ASSIGNMENT:
In the material below, find the line containing "cute sick cat waiting for the vet" and the line containing "Vga Nvidia Quadro". Output those two lines and all lines between them exactly, without pictures.

MATERIAL PROVIDED:
· · · · ·
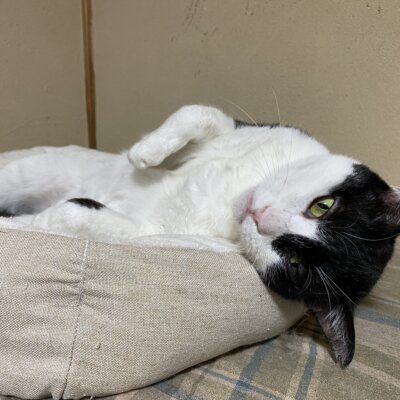                                 くの【お茶の水】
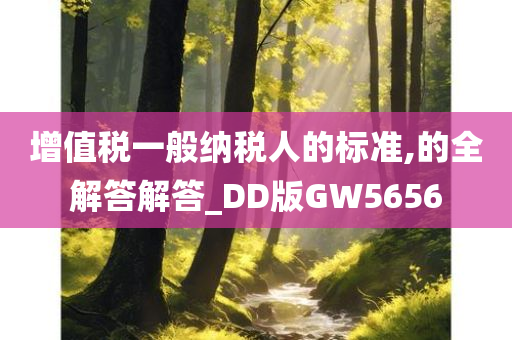 增值税一般纳税人的标准,的全解答解答_DD版GW5656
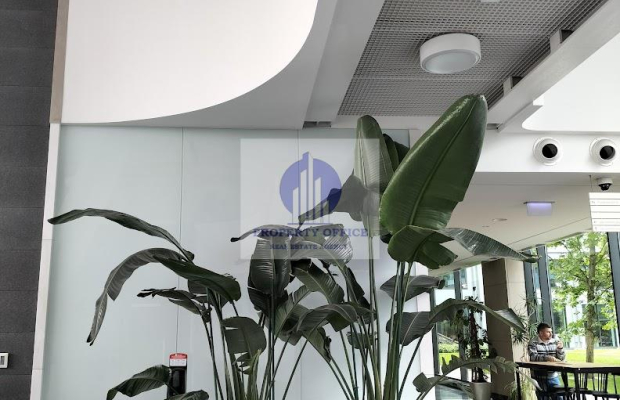 Ochota: lokal biurowy na wynajem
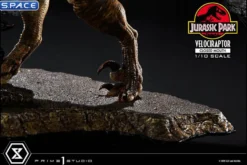 1/10 Scale Velociraptor Prime Collectible Figures Statue
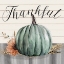 Picture of HARVEST THANKFUL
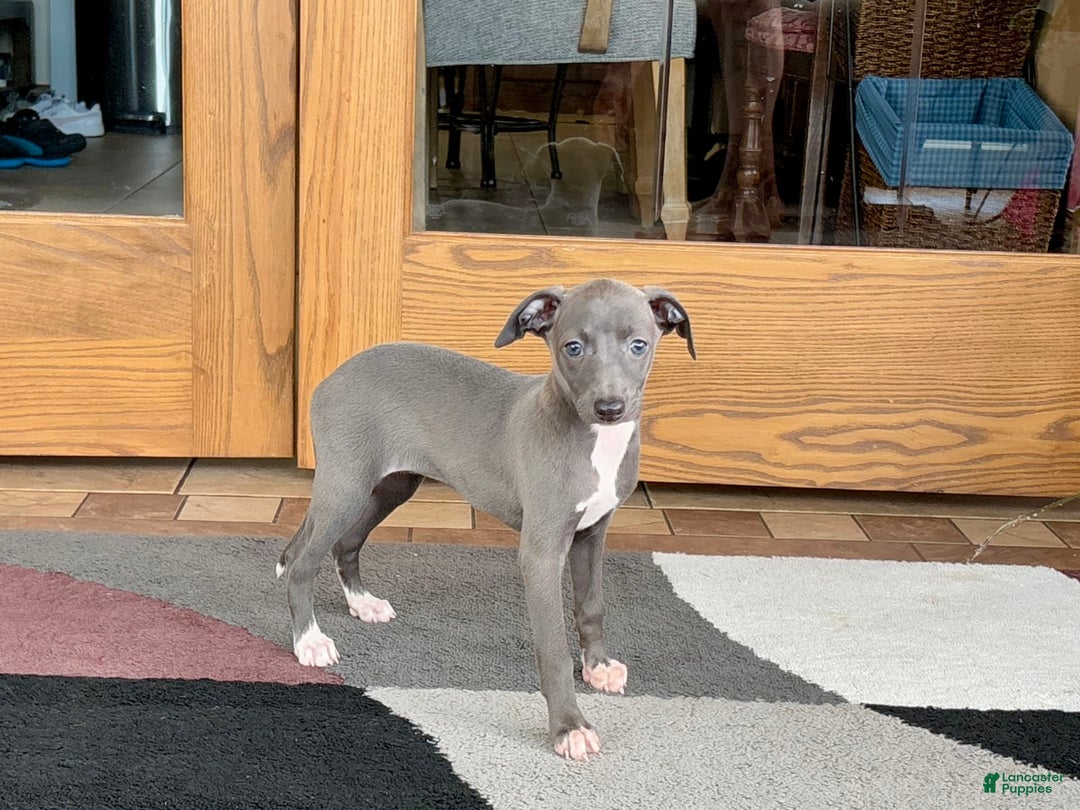 Italian Greyhound dogs for sale: Jenna - Image 3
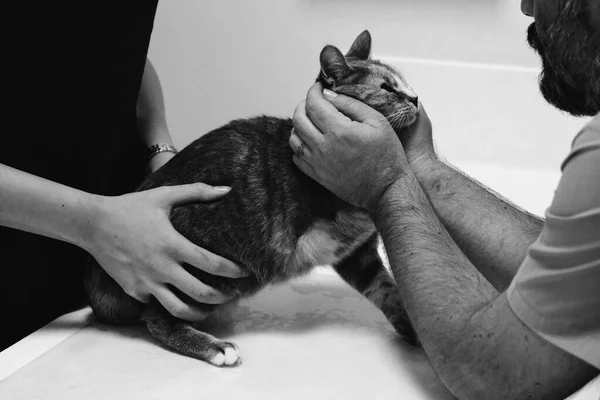 cute sick cat waiting for the vet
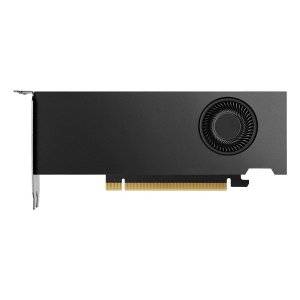 Vga Nvidia Quadro Rtx 2000 Ada 16 Gb Gddr6 2 Brackets Retail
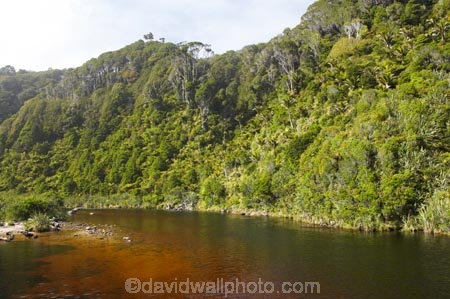 beautiful;beauty;bush;endemic;forest;forests;Great-Walk;green;Heaphy-Track;Kahurangi-National-Park;Karamea;Kohaihai-River;lush;national-park;national-parks;native;native-bush;natives;natural;nature;New-Zealand;rain-forest;rain-forests;rain_forest;rain_forests;rainforest;rainforests;scene;scenic;South-Island;tannin;tannin-stained;tannin-stained-river;tannin-stained-water;tannin_stained;tannin_stained-river;tannin_stained-water;verdant;West-Coast;Westland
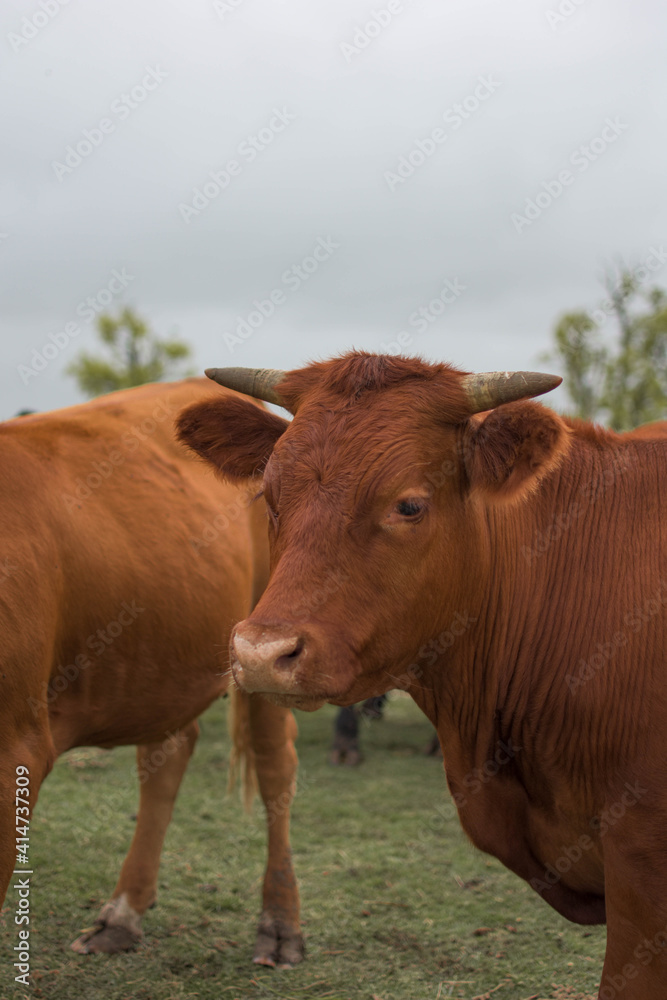 vacas marrones  rodeada de ganado campo rural 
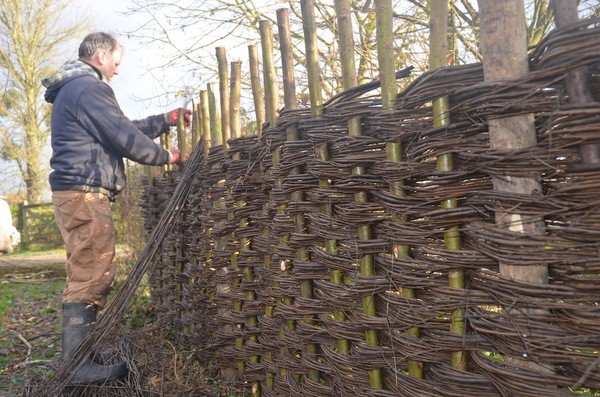 Willow Hurdle Fence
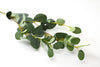 Eucalyptus Dollar Gum Native Artificial Flower Foliage Spray - Green 76cm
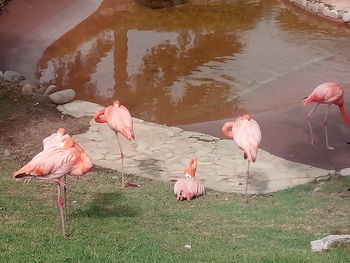 Birds in lake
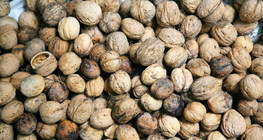 Walnuts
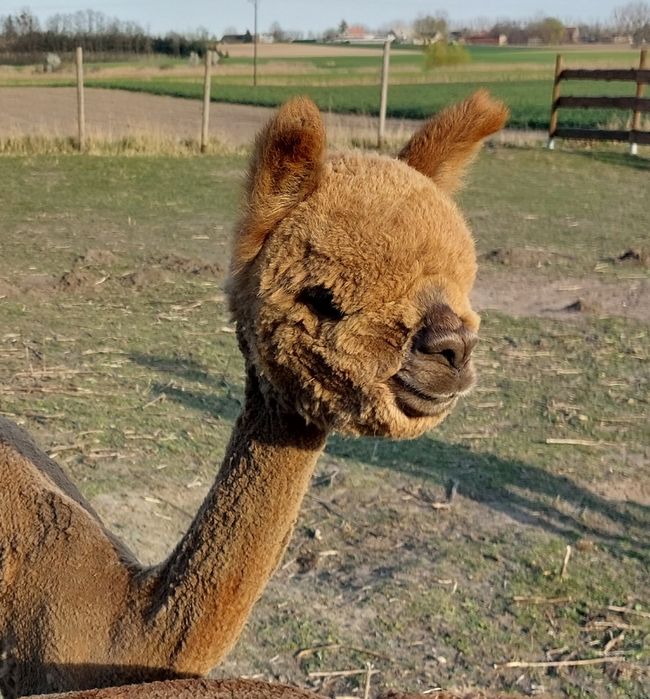 Samiczka alpaki huacaya młoda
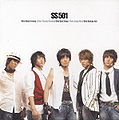 SS501 sd.jpg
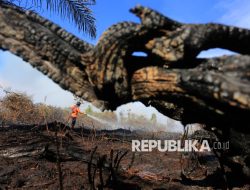 Enam Hektar Lahan di Aceh Barat Terbakar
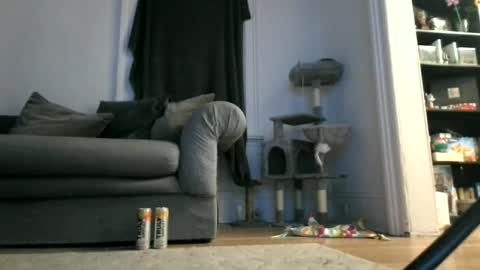 shy online show from 04.12.26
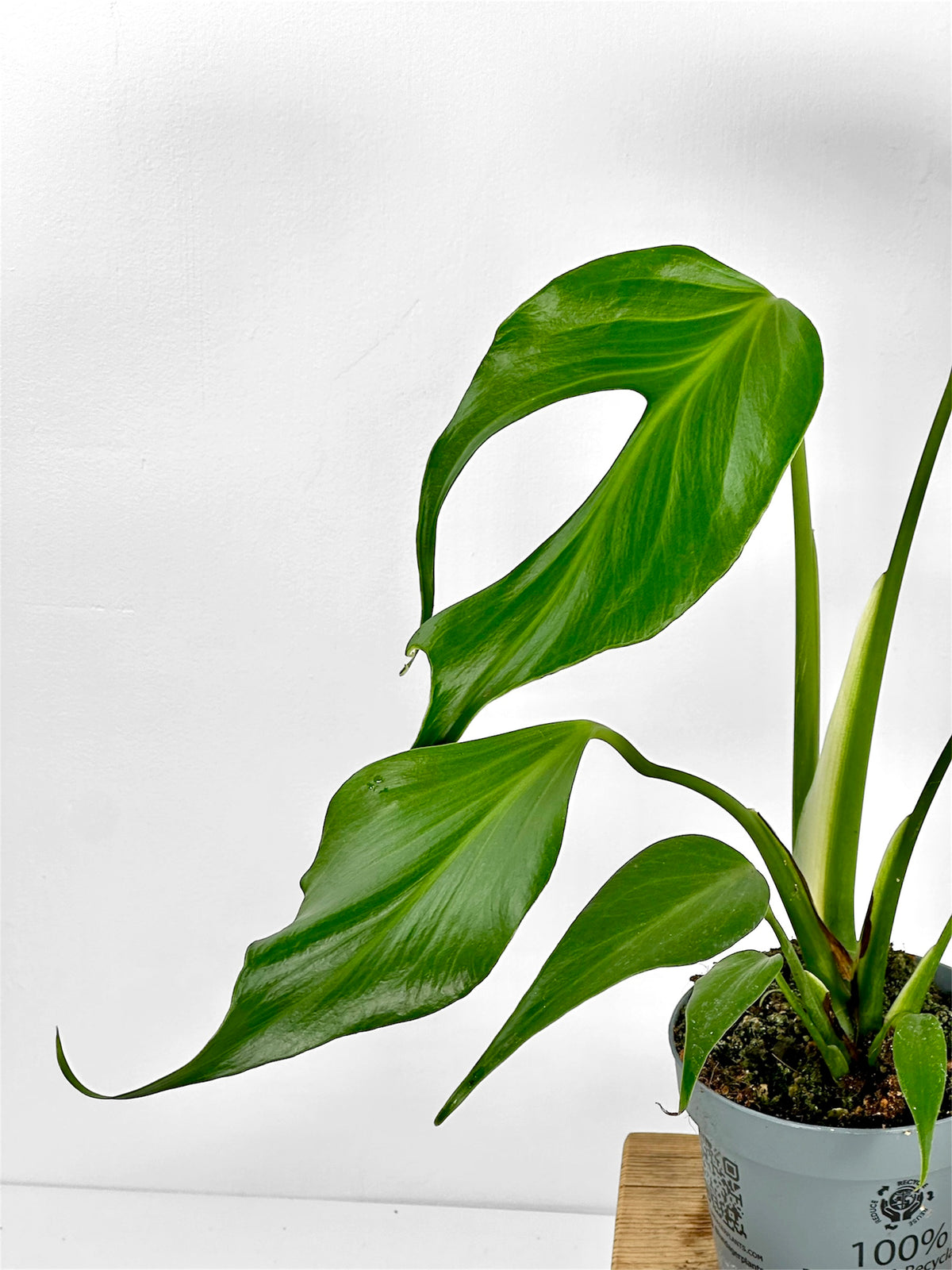 Monstera Burle Marx Flame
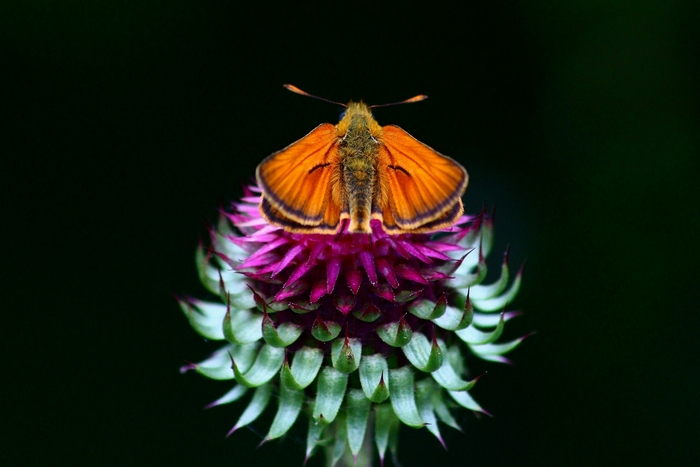 Esperidi da identificare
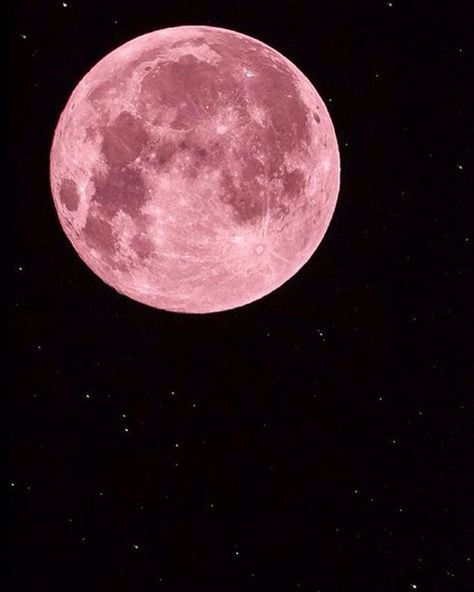 Mark your calendars friends because there will be a full PINK moon over #Ontario skies this month! Full Pink Moon, Pink And Black Wallpaper, Pink Goth, Pink Photo, Pastel Pink Aesthetic, Pink Moon, Pink Vibes, Pink Themes, Beautiful Moon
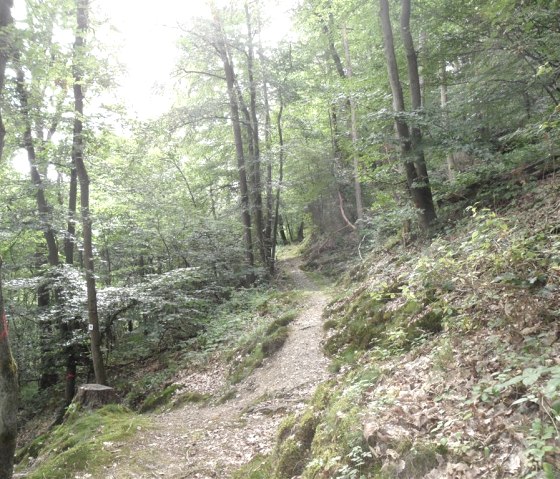 Weg zum 1. Türmchen, © Gerd Spitzlay Weg zum 1. Türmchen, © Gerd Spitzlay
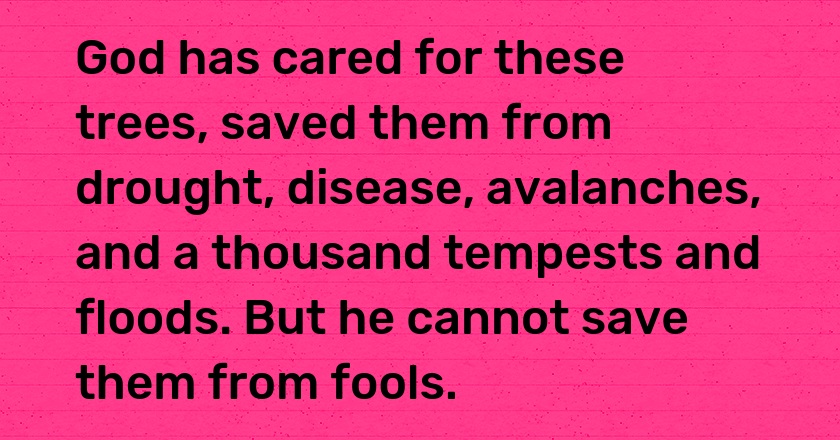 God has cared for these trees, saved them from drought, disease, avalanches, and a thousand tempests and floods. But he cannot save them from fools.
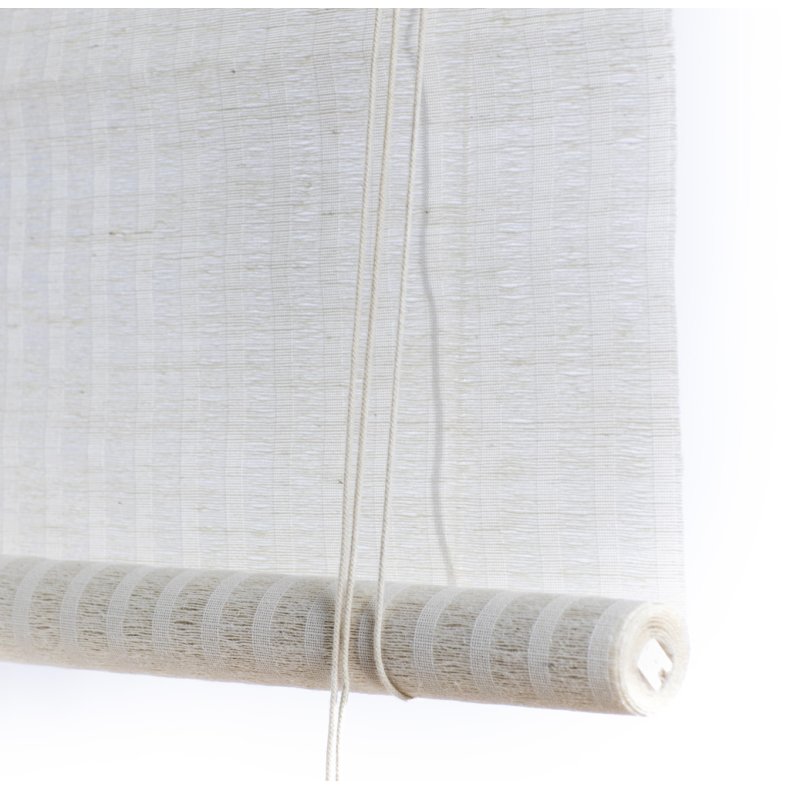 COLOR &amp; CO NATUR PLANTE RULLEGARDIN - 100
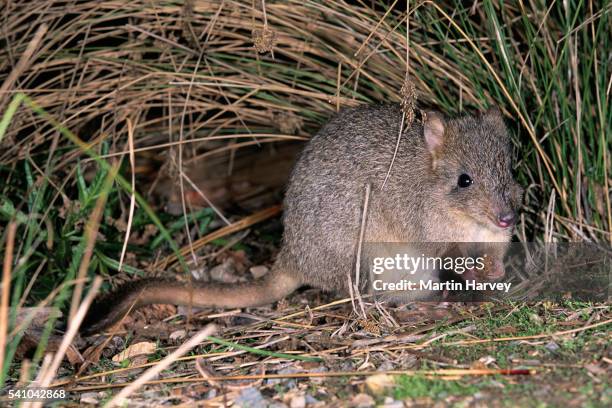 Brushtailed Bettong High-Res Stock Photo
· · · · ·
TASK SOLUTION:
 cute sick cat waiting for the vet
 Vga Nvidia Quadro Rtx 2000 Ada 16 Gb Gddr6 2 Brackets Retail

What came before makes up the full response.